For takeoff, the HGS Primary mode is selected. When accomplishing a low
visibility takeoff (Figure 6-2) the general operating procedure is to taxi the
aircraft into takeoff position aligning with the runway centerline. Readjust
the Selected Course as necessary to overlay the Selected Course and
Ground Localizer Line symbols on the runway centerline. Advance power
and begin takeoff roll. Using normal control inputs, follow the Guidance
Cue and Ground Localizer symbols while visually augmenting with runway
centerline markings and lights.
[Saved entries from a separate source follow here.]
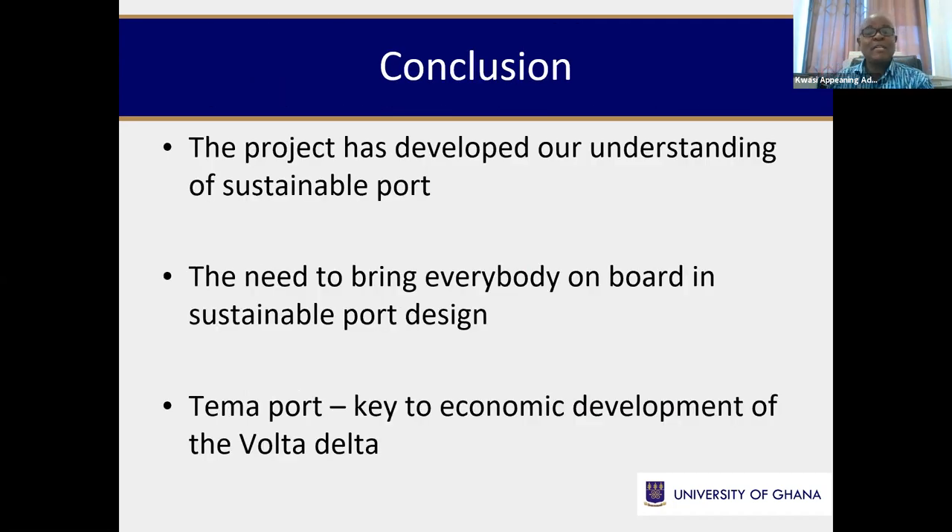To conclude, the project has developed our understanding of sustainable ports and given us a new research direction in Ghana regarding the port, the ecosystem, and the Volta Delta. It's given us the understanding that a port cannot operate in isolation, especially in developing countries — everybody must come on board. From this project, the Tema Port has been identified as a key economic development partner for the Volta Delta. The economy of the Volta Delta hinges significantly on the activities of the Tema Port, and the activities of the Tema Port significantly influence the economy of the Volta Delta.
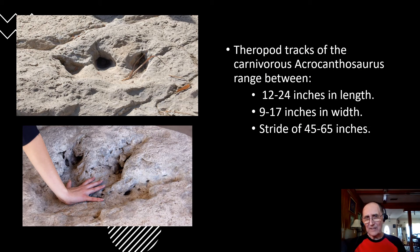One type of track that you find here — and the most impressive to me — are the ones of a theropod, a carnivore called Acrocanthosaurus. These are three-toed tracks, and if you feel them, you can even visualize how they taper towards the claws of these beasts.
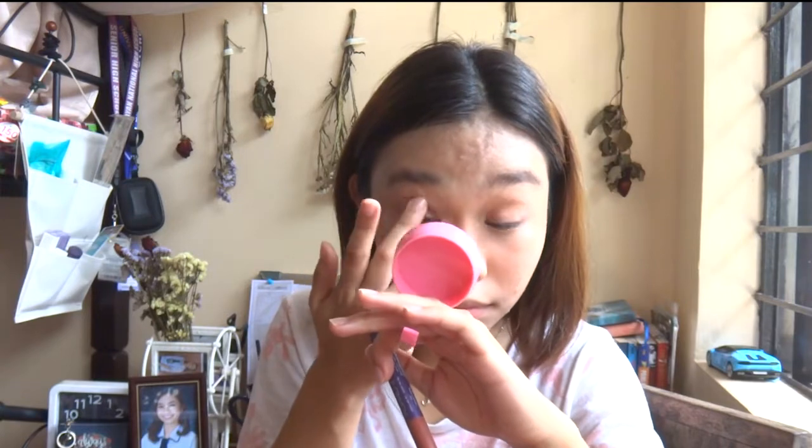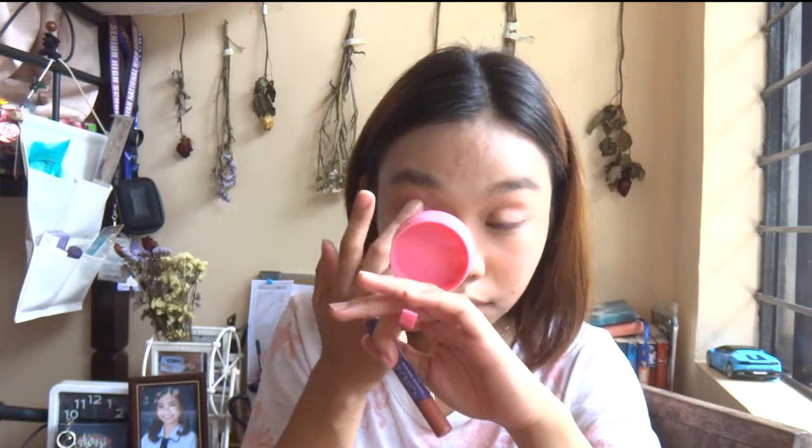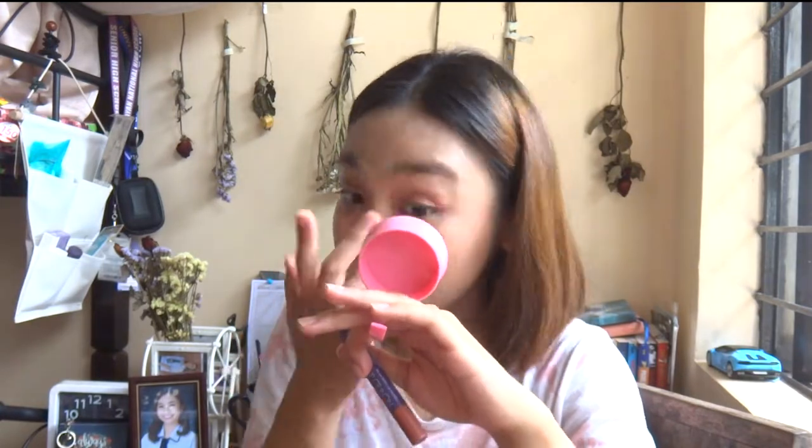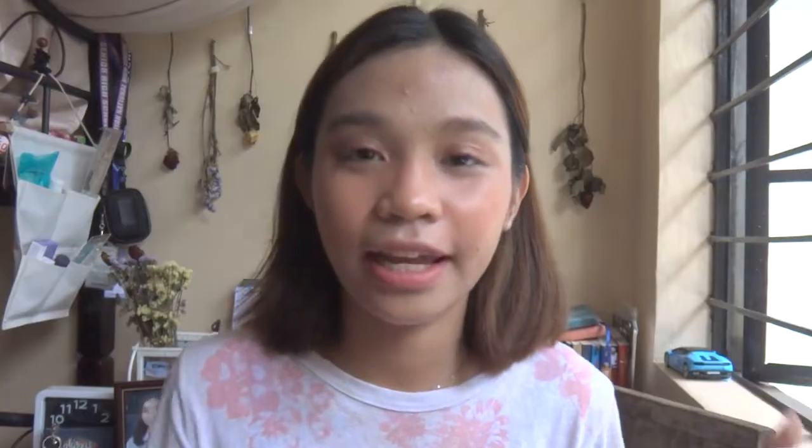I'll be using this one also for my eyes. And then I'll be highlighting. This is the Han Na Taka Powder. Shoutout to my Ate Cha for giving me this one. Highlight! Thank you, Ate Cha.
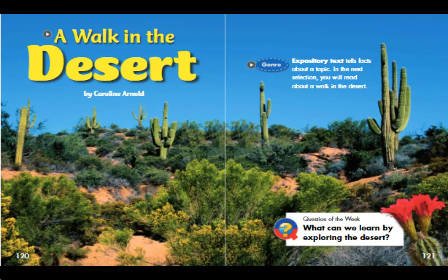A Walk in the Desert by Caroline Arnold. Expository text tells facts about a topic. In the next selection, you will read about a walk in the desert. Question of the Week: What can we learn by exploring the desert?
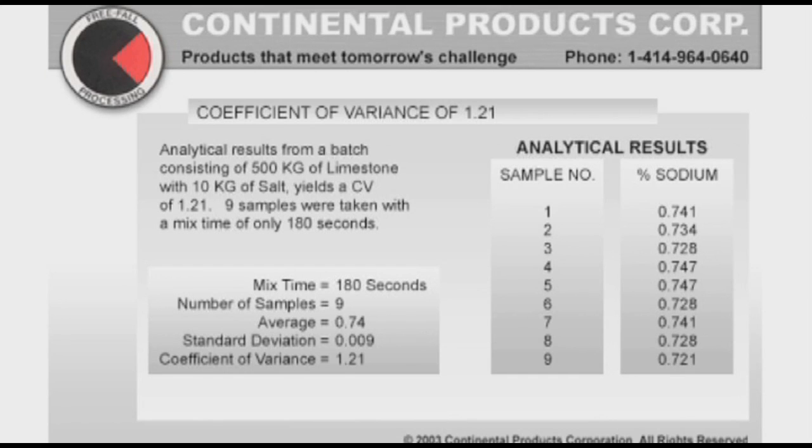They sampled nine different samples out of the roller mixer and found an overall coefficient of variance of only 1.21 — zero would be a perfect blend. In most cases this industry allows for anything under 10% CV. So for the roller mixer to achieve a CV of 1.21 shows how thoroughly distributed the salt is throughout the blend of limestone, as you can see in the percentage of sodium throughout each sample.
The Guidance Cue and Ground Localizer
Symbols are especially useful to assist in maintaining lateral control and
successfully aborting or continuing the takeoff in case of an engine failure
during the takeoff roll.

Figure 6-2 indicates a low visibility takeoff, accelerating through 65 knots

with the Guidance Cue centered within the Ground Roll Reference symbol
and the localizer centered under the Selected Course on runway 28.
Target airspeed of 154 knots is set for the initial climb, 6000 feet for the
assigned altitude, and an initial departure heading of 330 degrees is
selected. The Flight Director Takeoff/Go-around (TO/GA) mode is active.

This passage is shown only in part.